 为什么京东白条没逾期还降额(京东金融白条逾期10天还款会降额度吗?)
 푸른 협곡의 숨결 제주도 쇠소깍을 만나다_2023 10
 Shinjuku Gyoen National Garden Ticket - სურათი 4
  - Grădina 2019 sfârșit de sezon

┄┄┄┄┄┄

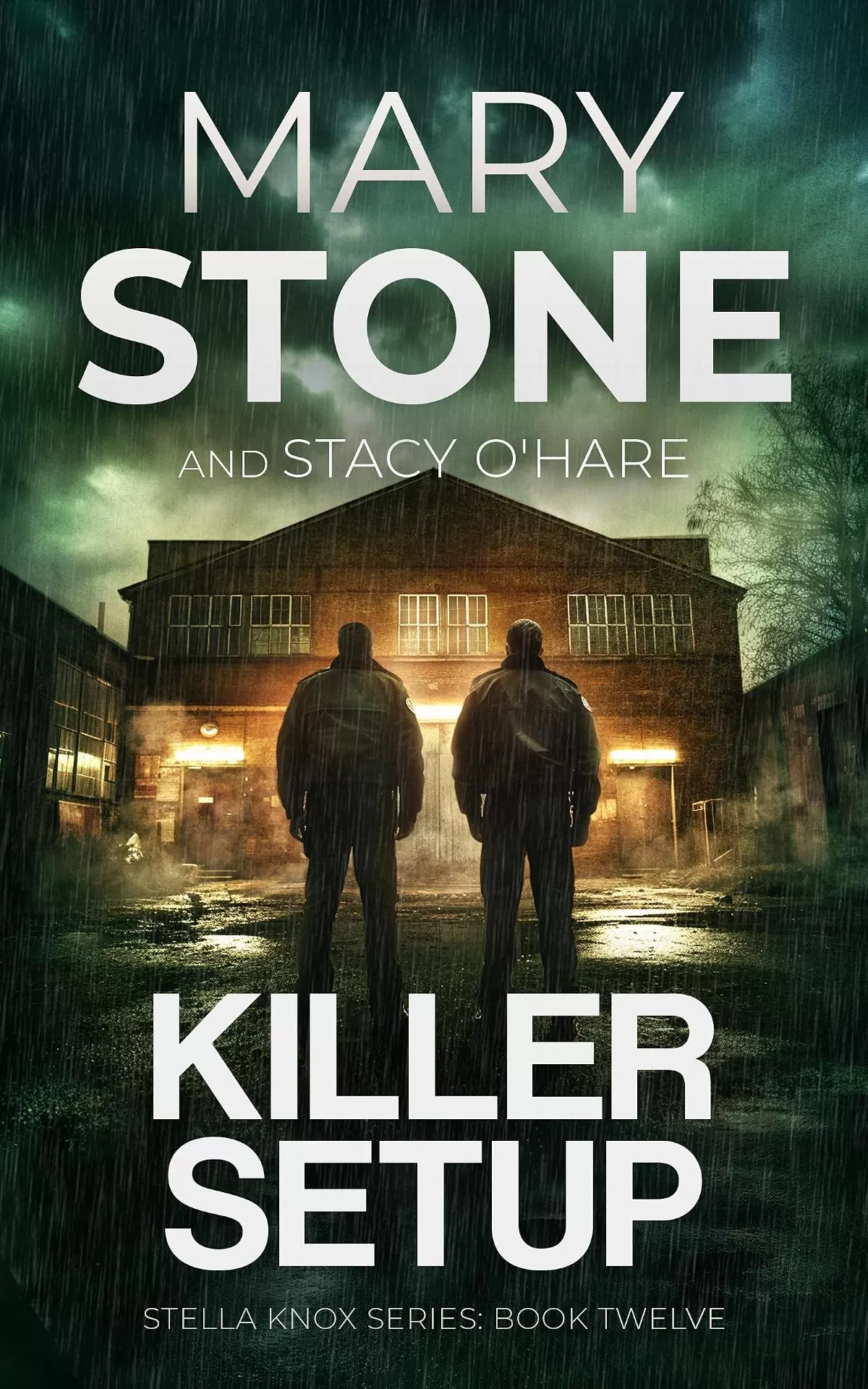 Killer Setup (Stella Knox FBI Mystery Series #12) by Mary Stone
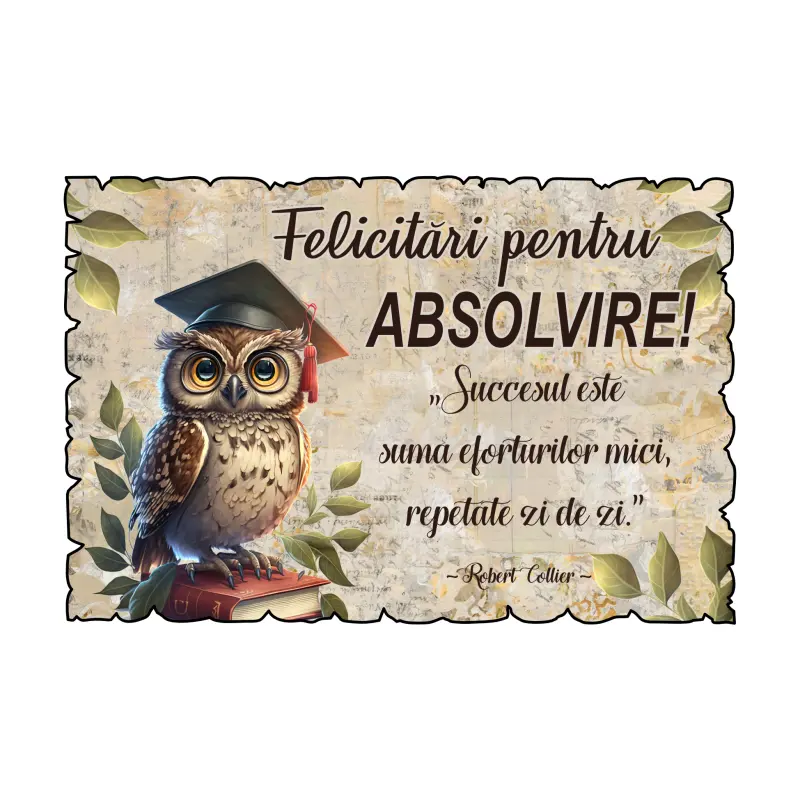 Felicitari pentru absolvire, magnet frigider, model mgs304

┄┄┄┄┄┄

Please output the lines of the listing above that fall in the stretch from the one with "Shinjuku Gyoen National" through the one with "- Grădina 2019 sfârșit de sezon", exactly and only those.

__EXPECTED OUTPUT__
 Shinjuku Gyoen National Garden Ticket - სურათი 4
  - Grădina 2019 sfârșit de sezon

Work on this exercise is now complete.